Lautan kesadaran reformis tersebut harus disimpulkan penyebab kongkritnya,
sehingga bisa ditemukan bagaimana
mengobatinya agar menjadi kesadaran revolusioner dan dapat dimobilisasi untuk
memperjuangkan ideologi serta kepentingannya (bahkan tuntan reformis/mendesak
sekalipun). Bagaimana menghadapi dan mengatasi kenyataan kesadaran reformis
tersebut, apakah hanya kita didik terus sampai mereka paham? Ya bisa saja, tapi
lebih lama menyerapnya. Contohnya, pembangunan Taman Siswa (dalam pandangan
kolonial Belanda adalah sekolah-sekolah liar) yang didirikan Ki Hajar
Dewantara. Apabila tidak diletakkan dalam gerak perlawanan atau tindakan
politik massa, maka pendidikan-pendidikan tersebut akan lebih sulit membangun
massa sadar karena perjuangannya tidak menjadi nyata dirasakan dan disaksikan
oleh massa sendiri.
Kesadaran akan tuntutan
reformis tersebut didorong (baca: diorganisir) menjadi tindakan (baca:
mobilisasi) politik massa (yang meluas, membesar dan menguat) dalam
memperjuangkan tuntutan-tuntuannya
(ekonomis sekalipun), berupa mobilisasi-mobilisasi massa yang menuntut.

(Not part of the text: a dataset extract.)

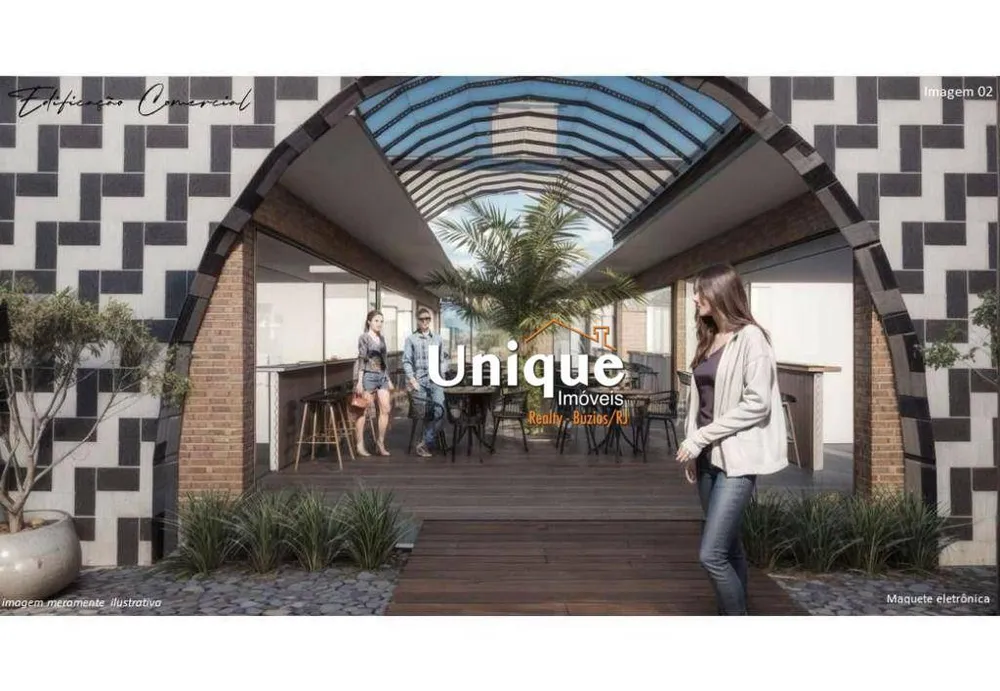 Loja-Salão, 12 m² - Foto 12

Wadah-wadah rakyat yang bertujuan untuk menuntut harus terus menerus diperluas
dan disatukan, bahkan persoalan-persoalan mendesak (dan tidak mendesak) lainnya
yang belum jelas bagi rakyat harus diungkapkan dan ditunjukan kepada massa
(saking banyaknya persoalan, sehingga kadang saling tumpang-tindihnya tak
terlihat, tak kasat mata, misalnya: pengamen yang selalu diburu trantib bisa lalai
atas persoalan kesehatan dan pendidikan anaknya; dan sebagainya). Segala
persoalan mendesak rakyat ini harus terus diolah menjadi basis perlawanan
rakyat. Rakyat harus bergerak untuk menuntut atau memperjuangkan
kesejahteraannya, dengan metode proletar dalam bentuk: aksi massa.

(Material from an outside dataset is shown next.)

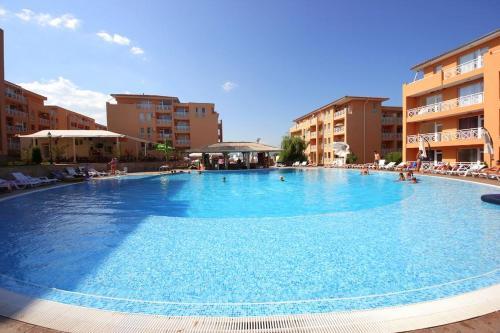 Apartamento Studio Comfort Sunny Day 6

Tapi harus diingat, setiap
perlawanan ekonomis dan reformis tersebut tidak boleh dilepaskan dari
kompartemen sosialisme dan kesadaran sejati. Massa sadar atau kader sosialis
harus terus menjadi bagian dari setiap gerak massa ekonomis ini. Kompartemen
sosialis tersebut harus membesar dan terus membesar, walaupun awalnya kecil.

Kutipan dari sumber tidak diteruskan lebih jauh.